At times it is capable of offering great insights regarding its subjects. An immediate standout involves a fallout among the brothers after they established a successful business post-fame and celebrity. An interviewee makes a point that because the siblings met as adults, they did not have a chance to be around and learn about each other as children—which includes how to weigh each other’s personalities, temperaments, and point of views as siblings who grew up together would have. And so despite their many similarities in likes, dislikes, and mannerisms, they are, essentially, strangers when there is considerable conflict.

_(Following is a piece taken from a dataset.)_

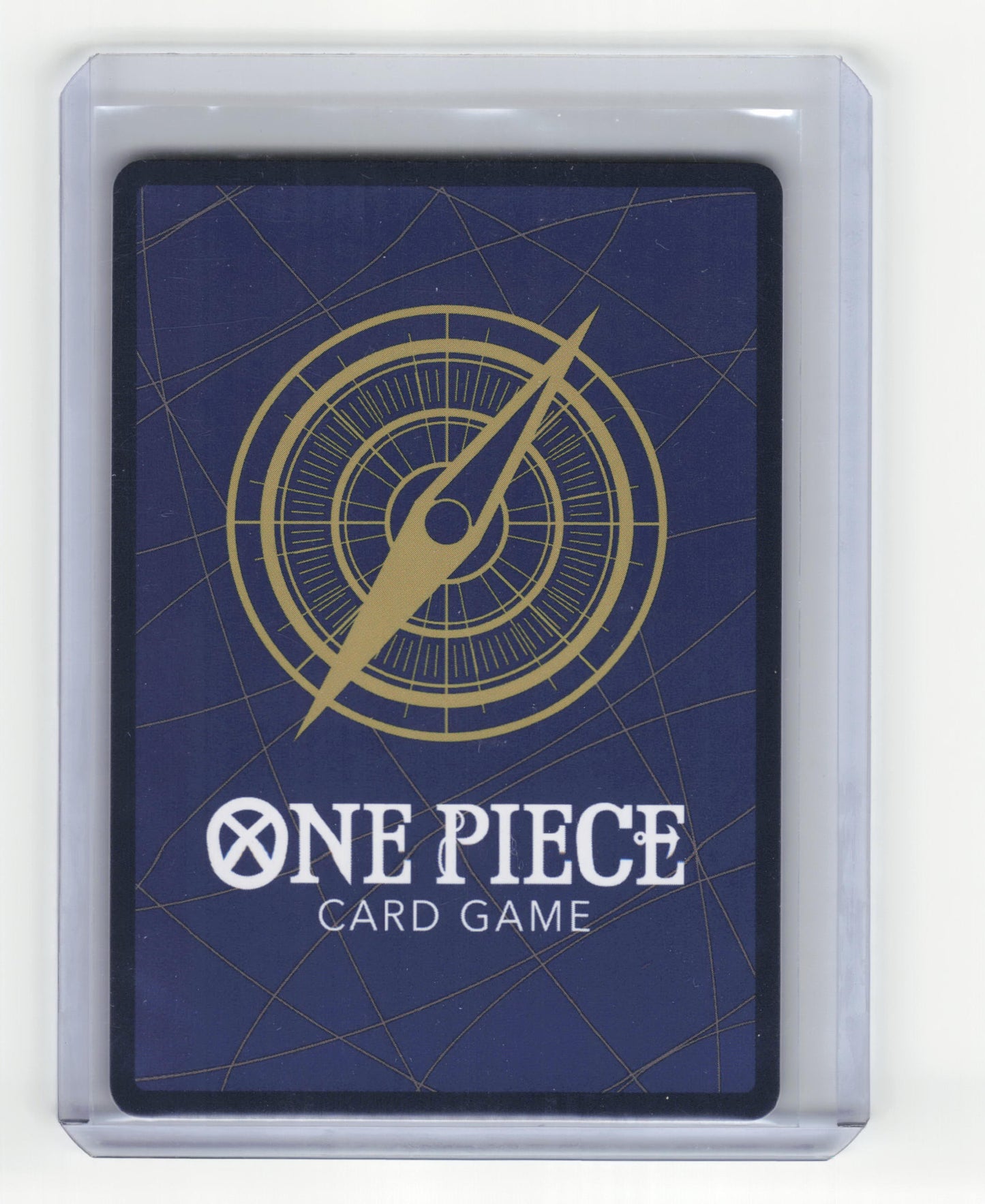 2022 One Piece Card Game Monkey.D.Luffy Straw Hat Crew Super Rare Foil #ST01-012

The manner in which the material is put together likens that of a subtle thriller. It is always evolving, its pace full of zeal, and it commands a constant forward momentum. Later surprising revelations underline seemingly throwaway information encountered earlier on. Notice the way in which the second half is edited. Intercutting among aging faces, potentially crucial documents, and foreboding city skylines are more prevalent. Frantic. And yet—it is not afraid to slow down to a halt, to be patient when a person being interviewed is recalling a painful memory or trauma. It never loses track that despite the big picture no longer solely being about the triplets, it remains to be a humanistic piece.
This is just the surface. Yes, it touches upon parenting, heritage, and identity. Still, so little can be said about “The Identical Strangers” without revealing its more sinister and chilling themes. I refuse to delve into them because discovering these elements is most engrossing. The documentary’s premise is feel-good, but once the layers have been peeled off, it is a challenge not to feel angry at the many injustices, for the lives lost and scarred forever. As the end credits start to roll, one gets the impression there are more secrets to be revealed at a later time. I hope to be around in 2066.